_TASK OBJECTIVE:_ With the material below, print exactly the lines between the line holding "Bloofah BN Banana" and the line holding "Rattan Export Square", inclusive. Add nothing else.
SOURCE DATA Start Marker
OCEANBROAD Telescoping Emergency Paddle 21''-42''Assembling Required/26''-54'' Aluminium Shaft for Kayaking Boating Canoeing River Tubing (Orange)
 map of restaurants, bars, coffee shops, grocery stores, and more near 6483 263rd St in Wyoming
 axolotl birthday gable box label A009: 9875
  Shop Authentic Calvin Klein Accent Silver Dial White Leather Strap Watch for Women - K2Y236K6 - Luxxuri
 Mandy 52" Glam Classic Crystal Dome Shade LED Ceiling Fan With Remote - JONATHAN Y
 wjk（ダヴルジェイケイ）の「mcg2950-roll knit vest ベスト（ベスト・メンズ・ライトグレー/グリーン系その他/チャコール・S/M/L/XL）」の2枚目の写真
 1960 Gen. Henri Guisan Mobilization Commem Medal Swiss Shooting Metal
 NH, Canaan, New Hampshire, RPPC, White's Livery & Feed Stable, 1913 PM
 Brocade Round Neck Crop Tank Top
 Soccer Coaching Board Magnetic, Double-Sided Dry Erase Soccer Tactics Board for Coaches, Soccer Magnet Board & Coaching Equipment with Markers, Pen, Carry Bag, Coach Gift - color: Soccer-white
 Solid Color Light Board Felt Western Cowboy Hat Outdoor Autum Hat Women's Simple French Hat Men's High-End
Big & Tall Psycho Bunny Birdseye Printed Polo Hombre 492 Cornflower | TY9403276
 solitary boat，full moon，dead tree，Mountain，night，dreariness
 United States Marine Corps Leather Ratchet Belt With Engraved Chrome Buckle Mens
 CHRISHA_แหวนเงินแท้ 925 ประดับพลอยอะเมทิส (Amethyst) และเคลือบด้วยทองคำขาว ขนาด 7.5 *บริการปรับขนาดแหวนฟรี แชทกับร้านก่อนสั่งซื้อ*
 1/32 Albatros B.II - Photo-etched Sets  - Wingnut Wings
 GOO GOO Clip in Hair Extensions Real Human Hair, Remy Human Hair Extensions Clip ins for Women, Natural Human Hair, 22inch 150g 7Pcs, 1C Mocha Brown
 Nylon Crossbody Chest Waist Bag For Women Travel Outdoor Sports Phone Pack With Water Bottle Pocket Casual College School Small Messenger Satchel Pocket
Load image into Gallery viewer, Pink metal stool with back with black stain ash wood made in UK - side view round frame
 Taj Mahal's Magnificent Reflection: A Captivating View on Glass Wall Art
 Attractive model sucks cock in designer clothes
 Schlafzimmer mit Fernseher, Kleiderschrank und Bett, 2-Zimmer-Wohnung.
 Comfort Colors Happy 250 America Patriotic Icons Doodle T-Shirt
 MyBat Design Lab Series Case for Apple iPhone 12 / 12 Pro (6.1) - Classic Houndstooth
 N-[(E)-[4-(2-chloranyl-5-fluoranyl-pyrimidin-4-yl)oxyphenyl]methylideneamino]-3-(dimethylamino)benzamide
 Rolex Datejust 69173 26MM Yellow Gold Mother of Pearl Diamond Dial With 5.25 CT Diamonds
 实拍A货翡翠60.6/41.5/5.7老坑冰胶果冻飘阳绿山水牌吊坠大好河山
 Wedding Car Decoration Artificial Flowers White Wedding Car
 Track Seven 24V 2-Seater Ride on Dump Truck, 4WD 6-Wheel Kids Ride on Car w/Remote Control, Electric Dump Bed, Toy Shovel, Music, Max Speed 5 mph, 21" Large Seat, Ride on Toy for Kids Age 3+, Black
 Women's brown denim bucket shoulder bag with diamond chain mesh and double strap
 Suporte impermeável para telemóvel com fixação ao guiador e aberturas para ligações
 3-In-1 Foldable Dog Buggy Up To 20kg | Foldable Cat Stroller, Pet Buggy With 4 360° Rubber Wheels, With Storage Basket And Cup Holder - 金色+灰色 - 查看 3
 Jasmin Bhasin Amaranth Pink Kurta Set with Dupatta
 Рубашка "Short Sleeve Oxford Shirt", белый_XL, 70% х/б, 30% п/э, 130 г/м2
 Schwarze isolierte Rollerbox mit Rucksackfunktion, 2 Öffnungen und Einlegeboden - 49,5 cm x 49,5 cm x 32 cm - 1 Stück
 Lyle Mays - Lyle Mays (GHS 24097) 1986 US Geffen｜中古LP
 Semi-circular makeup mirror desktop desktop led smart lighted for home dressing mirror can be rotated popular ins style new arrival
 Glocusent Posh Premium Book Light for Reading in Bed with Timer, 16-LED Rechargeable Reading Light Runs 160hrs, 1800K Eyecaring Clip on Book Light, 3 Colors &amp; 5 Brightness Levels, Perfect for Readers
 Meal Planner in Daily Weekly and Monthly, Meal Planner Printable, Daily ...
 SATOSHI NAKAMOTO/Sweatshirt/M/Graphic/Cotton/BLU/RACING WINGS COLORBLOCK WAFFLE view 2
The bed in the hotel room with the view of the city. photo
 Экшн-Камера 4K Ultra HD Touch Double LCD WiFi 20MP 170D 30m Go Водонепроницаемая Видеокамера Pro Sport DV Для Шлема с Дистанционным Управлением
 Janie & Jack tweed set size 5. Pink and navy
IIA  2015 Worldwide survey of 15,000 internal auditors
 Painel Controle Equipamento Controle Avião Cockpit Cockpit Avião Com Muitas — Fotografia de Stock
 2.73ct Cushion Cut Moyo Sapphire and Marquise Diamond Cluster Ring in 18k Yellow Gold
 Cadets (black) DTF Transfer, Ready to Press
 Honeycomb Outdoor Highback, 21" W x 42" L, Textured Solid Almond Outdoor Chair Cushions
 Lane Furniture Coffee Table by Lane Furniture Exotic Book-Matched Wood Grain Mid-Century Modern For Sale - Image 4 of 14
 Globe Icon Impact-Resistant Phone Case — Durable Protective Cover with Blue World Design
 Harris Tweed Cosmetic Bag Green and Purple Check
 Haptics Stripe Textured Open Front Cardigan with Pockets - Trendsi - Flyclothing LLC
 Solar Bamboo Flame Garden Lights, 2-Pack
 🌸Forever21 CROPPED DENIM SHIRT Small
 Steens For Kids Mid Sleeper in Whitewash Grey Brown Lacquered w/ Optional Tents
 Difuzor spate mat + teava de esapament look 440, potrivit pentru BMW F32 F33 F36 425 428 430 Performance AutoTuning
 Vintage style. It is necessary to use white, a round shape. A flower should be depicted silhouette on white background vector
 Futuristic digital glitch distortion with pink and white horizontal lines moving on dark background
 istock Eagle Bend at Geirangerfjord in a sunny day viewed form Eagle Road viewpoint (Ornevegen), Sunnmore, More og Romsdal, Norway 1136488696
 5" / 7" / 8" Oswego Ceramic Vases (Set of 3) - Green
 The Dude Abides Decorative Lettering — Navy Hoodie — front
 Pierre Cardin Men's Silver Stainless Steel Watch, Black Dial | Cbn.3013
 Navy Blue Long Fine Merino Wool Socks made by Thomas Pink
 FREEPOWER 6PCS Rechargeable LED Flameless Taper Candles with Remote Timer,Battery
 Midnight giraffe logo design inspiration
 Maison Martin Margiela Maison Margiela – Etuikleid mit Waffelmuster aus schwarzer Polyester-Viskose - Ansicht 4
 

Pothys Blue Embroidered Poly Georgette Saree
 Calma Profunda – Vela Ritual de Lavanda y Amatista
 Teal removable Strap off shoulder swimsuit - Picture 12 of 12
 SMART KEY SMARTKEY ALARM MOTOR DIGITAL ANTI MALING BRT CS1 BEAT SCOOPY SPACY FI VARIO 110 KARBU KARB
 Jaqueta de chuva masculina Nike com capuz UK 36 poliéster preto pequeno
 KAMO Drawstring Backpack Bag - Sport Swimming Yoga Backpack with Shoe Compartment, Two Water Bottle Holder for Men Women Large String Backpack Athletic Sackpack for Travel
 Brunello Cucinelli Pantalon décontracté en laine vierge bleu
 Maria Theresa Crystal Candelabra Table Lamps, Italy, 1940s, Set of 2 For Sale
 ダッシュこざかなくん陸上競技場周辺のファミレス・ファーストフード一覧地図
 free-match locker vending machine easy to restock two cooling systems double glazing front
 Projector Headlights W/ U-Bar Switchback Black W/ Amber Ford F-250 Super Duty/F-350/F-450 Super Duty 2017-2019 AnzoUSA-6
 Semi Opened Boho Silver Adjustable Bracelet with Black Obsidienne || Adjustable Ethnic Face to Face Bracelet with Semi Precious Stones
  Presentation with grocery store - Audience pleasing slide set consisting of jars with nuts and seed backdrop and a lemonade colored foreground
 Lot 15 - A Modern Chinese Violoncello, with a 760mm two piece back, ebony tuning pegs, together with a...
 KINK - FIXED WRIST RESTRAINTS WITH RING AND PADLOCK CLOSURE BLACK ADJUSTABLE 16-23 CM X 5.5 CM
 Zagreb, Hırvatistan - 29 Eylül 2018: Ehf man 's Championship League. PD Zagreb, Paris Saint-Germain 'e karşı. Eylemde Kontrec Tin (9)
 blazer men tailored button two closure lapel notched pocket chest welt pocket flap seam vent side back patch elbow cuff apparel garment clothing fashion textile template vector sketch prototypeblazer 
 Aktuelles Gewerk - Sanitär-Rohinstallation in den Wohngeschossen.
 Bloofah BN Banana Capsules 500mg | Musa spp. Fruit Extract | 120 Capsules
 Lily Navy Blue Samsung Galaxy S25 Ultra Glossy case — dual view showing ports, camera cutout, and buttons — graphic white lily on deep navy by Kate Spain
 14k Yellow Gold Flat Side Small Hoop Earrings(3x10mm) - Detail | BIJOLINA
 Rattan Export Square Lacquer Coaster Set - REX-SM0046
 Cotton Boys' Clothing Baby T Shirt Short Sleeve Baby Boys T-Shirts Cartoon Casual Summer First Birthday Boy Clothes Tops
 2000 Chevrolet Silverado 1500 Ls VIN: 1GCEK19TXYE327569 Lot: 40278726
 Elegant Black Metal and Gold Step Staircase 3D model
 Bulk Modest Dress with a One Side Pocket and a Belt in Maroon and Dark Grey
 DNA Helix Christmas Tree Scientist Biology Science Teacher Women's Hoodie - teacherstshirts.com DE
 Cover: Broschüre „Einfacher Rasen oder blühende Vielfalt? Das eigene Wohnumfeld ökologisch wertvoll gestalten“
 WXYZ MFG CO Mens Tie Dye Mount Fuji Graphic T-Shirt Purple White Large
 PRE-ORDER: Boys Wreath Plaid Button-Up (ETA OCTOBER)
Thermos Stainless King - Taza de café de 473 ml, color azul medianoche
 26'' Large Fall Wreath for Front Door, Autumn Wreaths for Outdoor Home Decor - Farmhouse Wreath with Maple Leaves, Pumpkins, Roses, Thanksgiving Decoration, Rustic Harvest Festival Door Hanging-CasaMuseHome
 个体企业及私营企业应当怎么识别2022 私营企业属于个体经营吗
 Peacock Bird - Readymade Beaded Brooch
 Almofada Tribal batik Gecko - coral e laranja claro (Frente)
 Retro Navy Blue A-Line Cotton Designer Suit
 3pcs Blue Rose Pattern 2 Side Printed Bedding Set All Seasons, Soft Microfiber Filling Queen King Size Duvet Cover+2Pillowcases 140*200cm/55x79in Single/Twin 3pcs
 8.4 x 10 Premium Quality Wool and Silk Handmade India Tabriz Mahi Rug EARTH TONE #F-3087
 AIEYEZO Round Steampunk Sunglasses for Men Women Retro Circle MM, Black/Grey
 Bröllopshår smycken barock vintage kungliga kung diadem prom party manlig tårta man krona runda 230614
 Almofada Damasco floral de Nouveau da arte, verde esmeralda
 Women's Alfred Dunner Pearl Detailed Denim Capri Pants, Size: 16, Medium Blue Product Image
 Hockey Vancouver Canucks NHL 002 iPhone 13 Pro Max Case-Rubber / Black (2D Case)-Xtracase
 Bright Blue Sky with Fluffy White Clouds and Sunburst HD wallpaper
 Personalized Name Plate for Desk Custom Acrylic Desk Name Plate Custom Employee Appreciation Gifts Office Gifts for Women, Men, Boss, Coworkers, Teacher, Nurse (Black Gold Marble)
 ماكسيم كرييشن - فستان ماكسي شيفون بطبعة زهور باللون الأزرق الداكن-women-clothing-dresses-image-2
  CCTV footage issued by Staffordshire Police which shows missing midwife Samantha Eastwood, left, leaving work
SOURCE DATA End Marker
_RESULT:_
 Bloofah BN Banana Capsules 500mg | Musa spp. Fruit Extract | 120 Capsules
 Lily Navy Blue Samsung Galaxy S25 Ultra Glossy case — dual view showing ports, camera cutout, and buttons — graphic white lily on deep navy by Kate Spain
 14k Yellow Gold Flat Side Small Hoop Earrings(3x10mm) - Detail | BIJOLINA
 Rattan Export Square Lacquer Coaster Set - REX-SM0046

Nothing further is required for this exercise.